What you will do:
For each line of the data below, copy it if it holds the word "full".

*** Begin section ***

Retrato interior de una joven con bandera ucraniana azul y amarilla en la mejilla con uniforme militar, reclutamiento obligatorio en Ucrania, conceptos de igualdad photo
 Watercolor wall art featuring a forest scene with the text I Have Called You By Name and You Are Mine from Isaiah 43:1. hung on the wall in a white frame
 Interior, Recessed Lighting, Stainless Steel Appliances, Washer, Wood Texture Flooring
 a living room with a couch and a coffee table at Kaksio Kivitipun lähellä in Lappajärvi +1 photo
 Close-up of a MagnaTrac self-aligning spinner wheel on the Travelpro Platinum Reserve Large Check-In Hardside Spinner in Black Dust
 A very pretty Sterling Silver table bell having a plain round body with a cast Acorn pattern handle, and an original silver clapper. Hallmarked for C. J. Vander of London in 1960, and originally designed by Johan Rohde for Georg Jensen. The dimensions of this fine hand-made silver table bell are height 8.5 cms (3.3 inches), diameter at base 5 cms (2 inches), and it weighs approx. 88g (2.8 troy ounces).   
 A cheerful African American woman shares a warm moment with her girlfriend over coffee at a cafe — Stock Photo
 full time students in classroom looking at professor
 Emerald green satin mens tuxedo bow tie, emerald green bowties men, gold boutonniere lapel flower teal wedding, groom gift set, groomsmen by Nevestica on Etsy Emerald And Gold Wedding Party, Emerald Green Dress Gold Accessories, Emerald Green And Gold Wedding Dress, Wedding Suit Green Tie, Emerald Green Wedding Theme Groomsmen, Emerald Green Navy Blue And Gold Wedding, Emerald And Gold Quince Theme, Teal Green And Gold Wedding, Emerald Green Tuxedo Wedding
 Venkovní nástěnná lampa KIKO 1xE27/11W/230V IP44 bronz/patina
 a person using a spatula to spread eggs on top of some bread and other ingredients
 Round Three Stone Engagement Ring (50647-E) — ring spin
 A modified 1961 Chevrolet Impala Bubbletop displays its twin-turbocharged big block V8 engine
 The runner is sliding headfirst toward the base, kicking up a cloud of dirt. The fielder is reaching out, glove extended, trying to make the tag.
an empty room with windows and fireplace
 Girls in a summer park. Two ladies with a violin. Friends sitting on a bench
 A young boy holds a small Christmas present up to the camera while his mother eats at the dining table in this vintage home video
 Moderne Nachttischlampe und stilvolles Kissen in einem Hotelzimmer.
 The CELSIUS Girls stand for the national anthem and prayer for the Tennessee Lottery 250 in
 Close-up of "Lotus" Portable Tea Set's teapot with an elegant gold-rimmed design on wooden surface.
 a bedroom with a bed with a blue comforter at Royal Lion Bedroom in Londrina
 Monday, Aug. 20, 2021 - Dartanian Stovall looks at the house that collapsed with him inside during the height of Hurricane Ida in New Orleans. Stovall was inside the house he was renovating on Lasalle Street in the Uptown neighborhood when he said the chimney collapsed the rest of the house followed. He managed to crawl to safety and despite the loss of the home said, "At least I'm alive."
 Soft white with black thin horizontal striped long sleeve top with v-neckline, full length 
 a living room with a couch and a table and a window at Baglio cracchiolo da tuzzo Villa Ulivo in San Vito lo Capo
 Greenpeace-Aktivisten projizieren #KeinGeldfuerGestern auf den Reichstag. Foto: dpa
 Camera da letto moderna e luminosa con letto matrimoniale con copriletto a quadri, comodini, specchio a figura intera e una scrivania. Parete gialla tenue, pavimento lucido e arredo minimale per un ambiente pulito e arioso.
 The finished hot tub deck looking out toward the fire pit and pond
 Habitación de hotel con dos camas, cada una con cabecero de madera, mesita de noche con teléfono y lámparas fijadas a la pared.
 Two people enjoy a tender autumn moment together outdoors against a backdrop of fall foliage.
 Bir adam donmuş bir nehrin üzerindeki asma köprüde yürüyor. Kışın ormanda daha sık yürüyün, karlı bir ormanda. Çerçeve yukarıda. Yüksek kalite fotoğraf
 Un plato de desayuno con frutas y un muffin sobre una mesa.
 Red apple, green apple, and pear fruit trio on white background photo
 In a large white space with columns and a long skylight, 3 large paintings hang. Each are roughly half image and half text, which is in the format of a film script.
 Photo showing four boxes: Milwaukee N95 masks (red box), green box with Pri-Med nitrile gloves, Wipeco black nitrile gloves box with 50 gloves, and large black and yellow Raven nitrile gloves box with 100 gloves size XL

*** End section ***

Final answer:
 full time students in classroom looking at professor
 Soft white with black thin horizontal striped long sleeve top with v-neckline, full length 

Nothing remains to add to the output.